- _DATA PROVIDED_
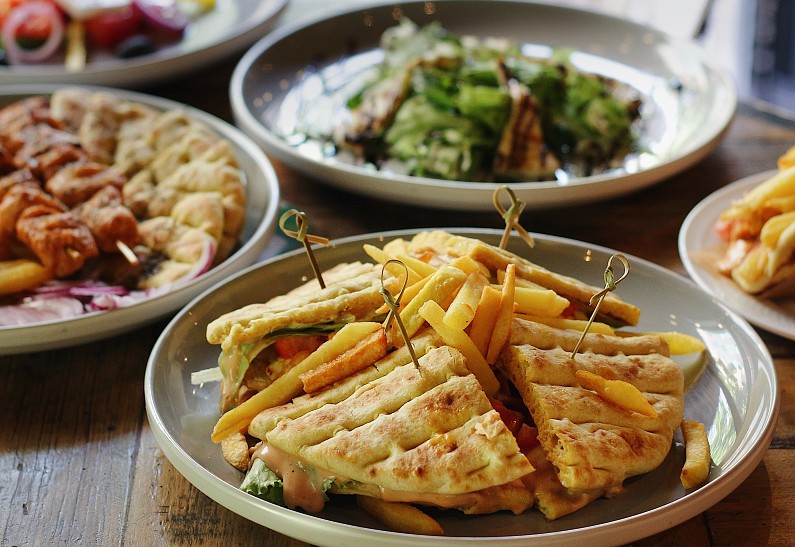 Корнер греческой кухни «Гиро-Гирос» в strEAT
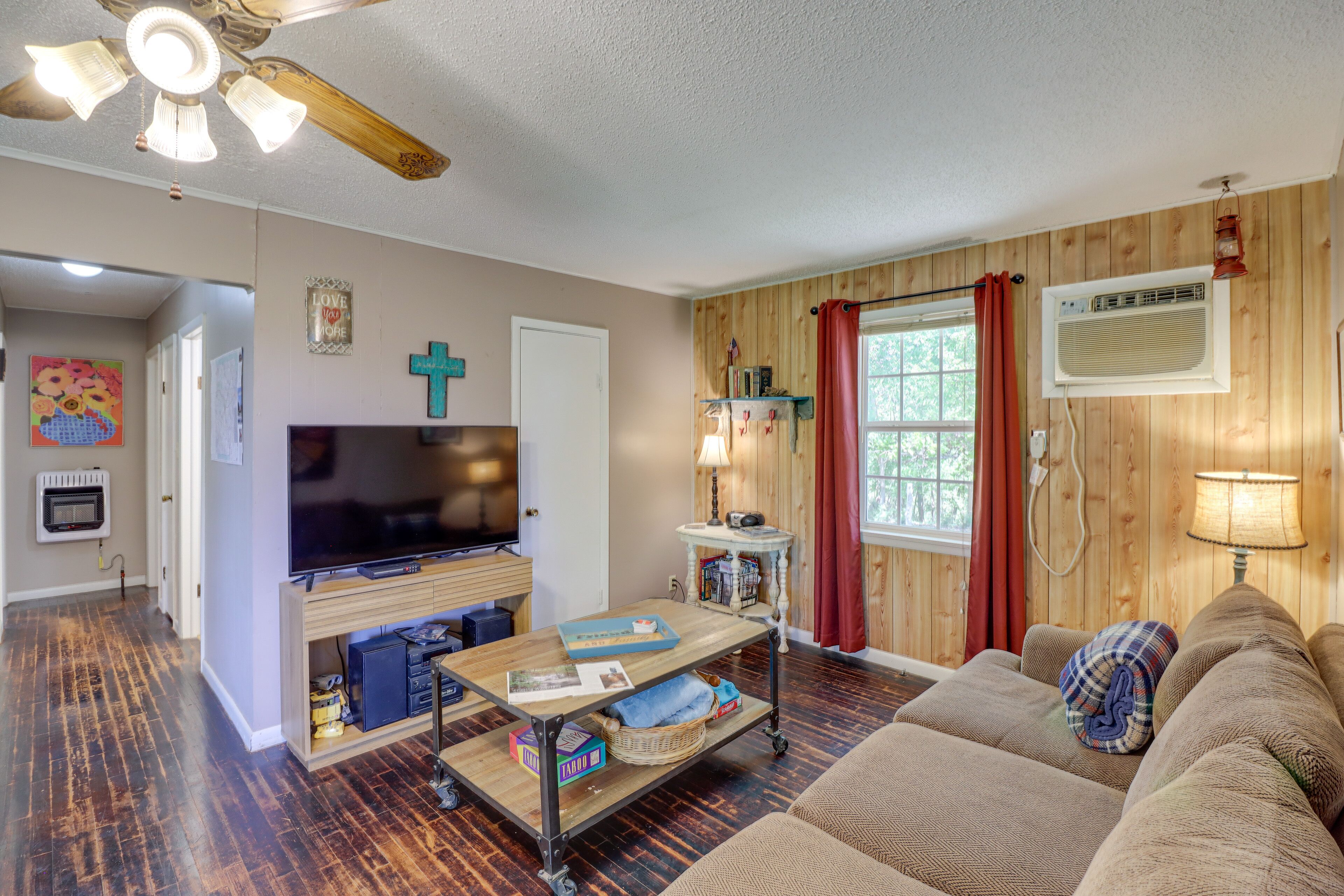 Charming Harriet Getaway w/ Fire Pit!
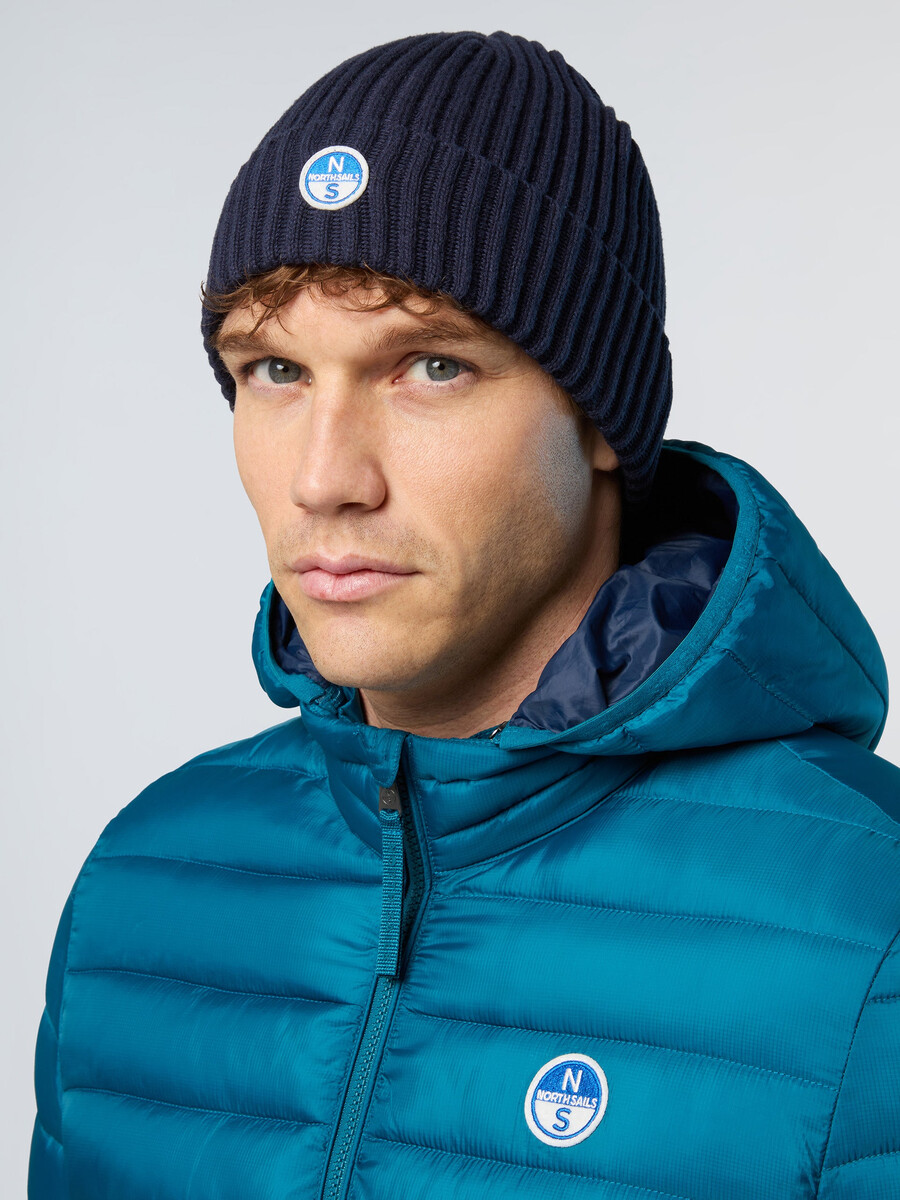 gorro de canalé ancho con parche de logotipo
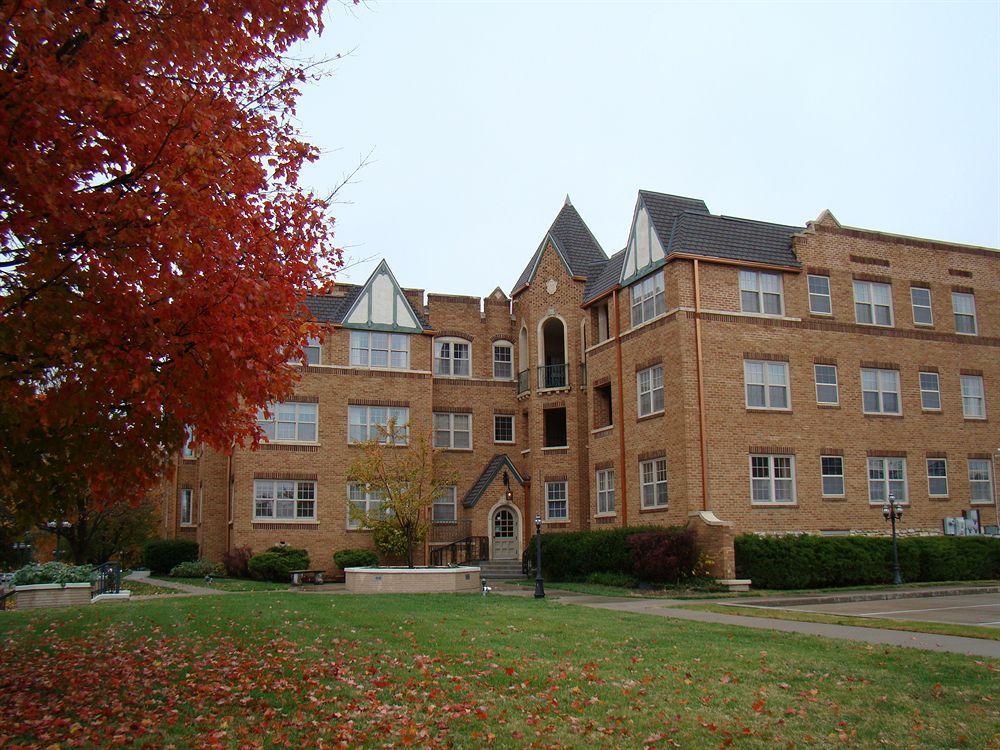 Senate Suites Extended Stay Hotel Topeka Exterior foto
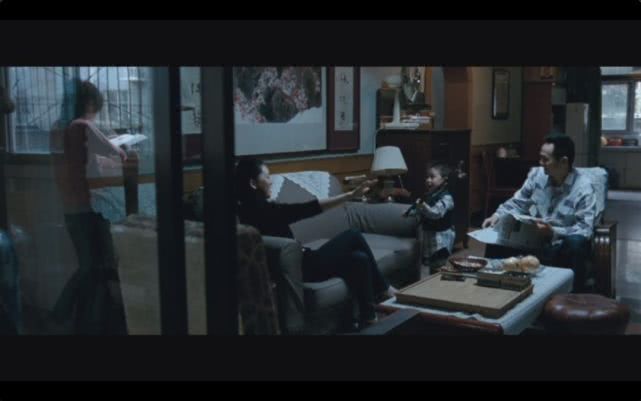 尘封五年终于上映！《狗十三》是一把刺痛中国家庭教育的匕首？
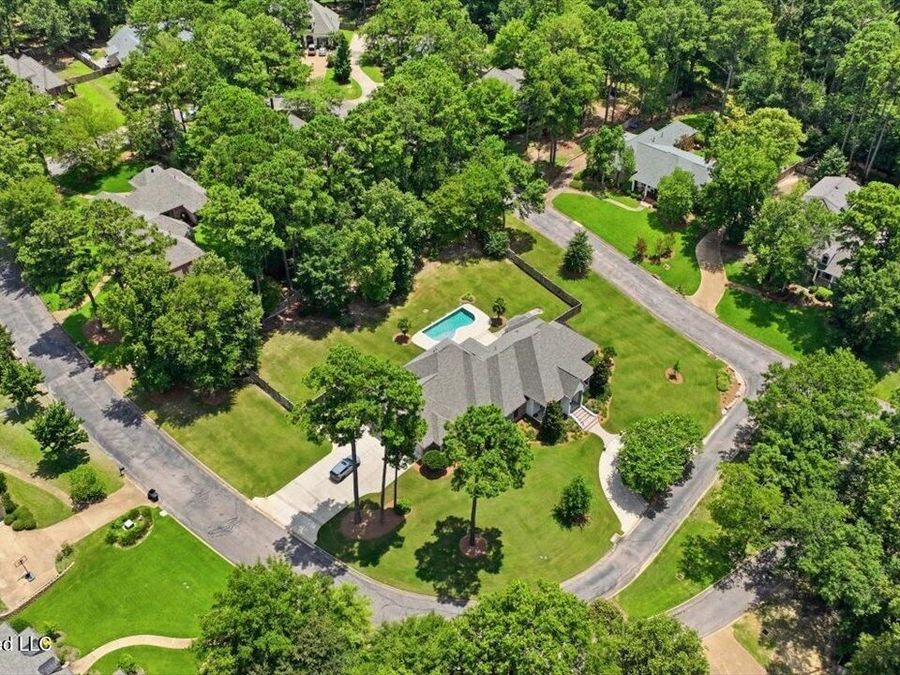 Property Image 100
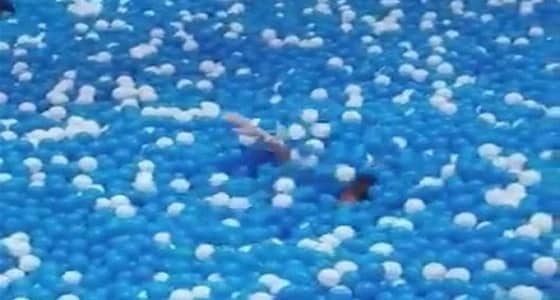 فيديو مرعب لغرق أم في لعبة " بيت الكرات " أمام الأطفال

- _WHAT YOU SHOULD DO_
Would you return the data exactly as written, without the pictures?

- _SOLUTION FOR THIS EXERCISE_
 Корнер греческой кухни «Гиро-Гирос» в strEAT
 Charming Harriet Getaway w/ Fire Pit!
 gorro de canalé ancho con parche de logotipo
 Senate Suites Extended Stay Hotel Topeka Exterior foto
 尘封五年终于上映！《狗十三》是一把刺痛中国家庭教育的匕首？
 Property Image 100
 فيديو مرعب لغرق أم في لعبة " بيت الكرات " أمام الأطفال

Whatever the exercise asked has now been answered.